Things to know about stock markets


“Stock market” is a term used to describe the physical location where the buying and selling of stocks take place as well as the overall activity of the market within a particular country. The correct term to be used in pertaining to the physical location for trading stocks is “stock exchange.” Every country may have a couple of different stock exchanges that are usually traded on only one exchange although a lot of large corporations may be listed in several different locations.

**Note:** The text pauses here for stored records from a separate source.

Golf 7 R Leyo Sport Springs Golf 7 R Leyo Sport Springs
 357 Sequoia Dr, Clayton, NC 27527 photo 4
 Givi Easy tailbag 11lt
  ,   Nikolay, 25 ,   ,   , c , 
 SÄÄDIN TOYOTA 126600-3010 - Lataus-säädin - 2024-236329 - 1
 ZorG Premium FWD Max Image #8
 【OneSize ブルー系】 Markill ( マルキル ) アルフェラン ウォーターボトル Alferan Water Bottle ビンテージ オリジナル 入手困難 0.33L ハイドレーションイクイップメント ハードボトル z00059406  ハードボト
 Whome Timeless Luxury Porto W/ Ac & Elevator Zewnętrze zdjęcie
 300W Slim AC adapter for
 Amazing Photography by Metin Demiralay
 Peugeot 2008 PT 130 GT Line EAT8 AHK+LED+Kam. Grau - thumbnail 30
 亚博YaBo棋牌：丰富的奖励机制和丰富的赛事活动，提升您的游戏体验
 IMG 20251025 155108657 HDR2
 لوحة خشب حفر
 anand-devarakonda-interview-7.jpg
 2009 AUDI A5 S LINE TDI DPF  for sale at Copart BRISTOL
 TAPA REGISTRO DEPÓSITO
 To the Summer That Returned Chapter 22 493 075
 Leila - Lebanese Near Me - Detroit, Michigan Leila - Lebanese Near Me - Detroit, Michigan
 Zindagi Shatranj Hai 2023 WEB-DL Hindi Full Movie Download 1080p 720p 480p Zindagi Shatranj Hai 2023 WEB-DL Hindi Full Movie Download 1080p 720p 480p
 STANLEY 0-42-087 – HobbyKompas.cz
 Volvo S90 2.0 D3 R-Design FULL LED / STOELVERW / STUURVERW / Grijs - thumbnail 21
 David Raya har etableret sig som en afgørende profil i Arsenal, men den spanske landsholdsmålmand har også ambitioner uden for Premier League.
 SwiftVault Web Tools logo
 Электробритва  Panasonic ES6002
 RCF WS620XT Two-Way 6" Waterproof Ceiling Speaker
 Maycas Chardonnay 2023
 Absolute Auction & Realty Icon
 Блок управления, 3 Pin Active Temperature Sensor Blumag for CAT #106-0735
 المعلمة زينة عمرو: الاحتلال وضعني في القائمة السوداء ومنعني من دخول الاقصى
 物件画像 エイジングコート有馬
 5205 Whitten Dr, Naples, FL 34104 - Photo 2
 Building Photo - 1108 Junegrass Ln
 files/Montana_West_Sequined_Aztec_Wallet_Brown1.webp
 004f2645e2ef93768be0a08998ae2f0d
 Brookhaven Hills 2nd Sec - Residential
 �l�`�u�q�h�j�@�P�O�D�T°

The ubiquity of stock exchanges makes it possible to buy or sell stocks throughout the world. The only restriction to stock exchanges is time. Different exchanges may have differing opening hours based on their local times. The major stock exchanges in the world are the Tokyo Stock Exchange of Japan, the Bombay Stock Exchange of India, the London Stock Exchange of United Kingdom, the Frankfurt Stock Exchange of Germany, the SWX Swiss Exchange of Switzerland, the Shanghai Stock Exchange of China, and the New York Stock Exchange, the NASDAQ, and the AMEX of United States.



The economic health of a country is closely followed by stock markets. Bull markets occur when a particular nation experiences high economic production, low unemployment level, and low inflation rates. Bear markets, on the other hand, follow the down trends in the economy. Such indicators of economic downfall are increased unemployment and inflation. These causes the fall of stock prices.

Supply and demand, which are determined to a large extend by investor psychology, also influence the fluctuations in the prices of stocks. A rise in stocks may cause a lot of investors to jump into the bandwagon which later drives the price even faster. A falling price, on the other hand, can drive the same effect called short term fluctuations. After such runs, stock prices tend to normalize.



Aside from the stock exchange, other popular markets that offer many investment opportunities include the Foreign Exchange Market (FOREX), the Futures Market, and the Options Market. The FOREX is the biggest investment market in the world, in terms of trades and values. The traders in a FOREX buy one currency against another and profit from small changes in the value. Most FOREX trades are entered and exited in a 24-hour span so traders have to keep a close watch on the market in order to make profitable trades.

The futures market is a market of contracts where goods are bought and sold at specified prices and times. The desire of most buyers and sellers to lock in the prices of their goods for a future delivery despite the market conditions resulted to the existence of the futures market. The market conditions can make the actual futures contract to fluctuate considerably in value. Most of the investors in the futures market are mainly interested in the profit that can be realized in trading contracts and not in the actual goods.



Another alternative market is the options market. The options market is quite similar to the futures market because it also features a contract that gives the right, and not the obligation, to trade a stock at a certain price before the specified date. These can be traded on their own or purchased as an insurance against price fluctuations within a specified time frame.

The FOREX, the futures market, and the options market are all quite risky markets that require a considerable knowledge and experience to prevent any substantial loss. These also require a very close attention to the different market movements. As compared to the three, stocks are considered to be less risky because the movements of the market are usually gradual and although short term investment strategies are possible, a lot of people view stocks as long term investments.